Recordo, a este propósito, a importância da confissão na Igreja católica. O padre fica na posse de informação valiosa em muitos aspectos. Pode usá-la? Não, pelo menos teoricamente. Existe a proibição de revelar os segredos da confissão. No passado, o cargo de confessor do rei, assim como o de confessor da rainha, eram deveras importantes. Pelo menos um desses confessores (Frei Miguel Contreiras) passou para a história. E cá temos o mesmo: informação e respectivo controlo.
Sem o controlo, a informação de pouco vale. Tudo aquilo que é acessível a todos tem pouco ou nenhum valor. Recordemos a história do pai que dá ao filho uma série de conselhos avisados para ele ter sucesso, incluindo alguns truques inteligentes. Depois de lhe ensinar aquilo que julga ser vital e que é fruto da sua experiência, adverte o filho: "Agora não vás contar a outros o que te disse! Se o fazes, o efeito destas técnicas que te ensinei é nulo.” Cá temos mais do mesmo: informação importante, logo seguida do seu controlo.
O post recente que intitulei "imperdível" fala-nos destas coisas. O julgamento do caso de pedofilia popularmente conhecido como "da Casa Pia", a história da forma como a licenciatura de Sócrates terá sido obtida, o aparente conluio, há uns anos, entre o Ministério do Ambiente, o Banco Espírito Santo e o CDS para a obtenção de favores especiais, a que se junta a informação que veio a lume de Rui Pereira e Abel Pinheiro (CDS) serem membros do mesmo grupo maçónico, mais a pretendida demissão de Souto Moura e a alegada intervenção de Sócrates - tudo nos traz informação de valor, que a lei recentemente revista tenta controlar. Os homens de confiança de uns são cada vez mais os homens de desconfiança dos demais. É aqui que a democracia exige transparência de processos, dirá o naïf. Então e a segurança, a necessidade de manter as coisas secretas, porque o segredo é a alma do negócio?, dirá o político experiente.
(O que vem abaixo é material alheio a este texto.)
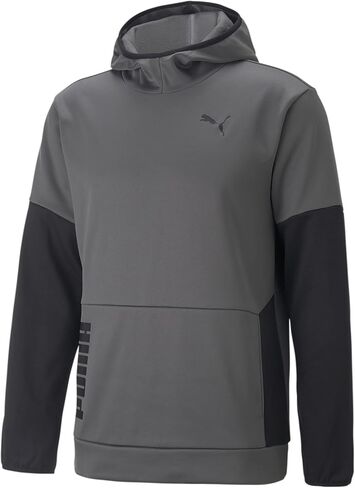 PUMA Men's Train All Day Pwr Fleece Hoodie in Saudi Arabia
Ora, é aqui que entram os checks e os counterchecks característicos de um bom sistema democrático. Ter uma pessoa a verificar uma coisa não chega. É necessário que haja alguém independente a checar a forma como a verificação foi feita. É neste domínio que uma imprensa livre e com capacidade de investigação é essencial. É também por isso que manter-lhe a boca tapada pode ser muito conveniente.
Dizia Bertrand Russell já não sei onde que o famoso oráculo de Delfos que nós tínhamos aprendido no liceu como sendo o grande conselheiro do governo de Atenas era, afinal, manipulado pelos lobbies. Tudo bate certo. Convém não abrir a caixa de Pandora para que os segredos não voem com o vento. Entende-se melhor assim. A partir de agora, graças às novas disposições legais, não vamos ter mais reprodução de conversas telefónicas nos jornais como até aqui. Everything is under control. O ouro e a platina. Tudo me lembra uma ilustração clássica que mostra um indivíduo a dizer para outro, que está amordaçado: "És livre de dizer aquilo que quiseres. Fala!"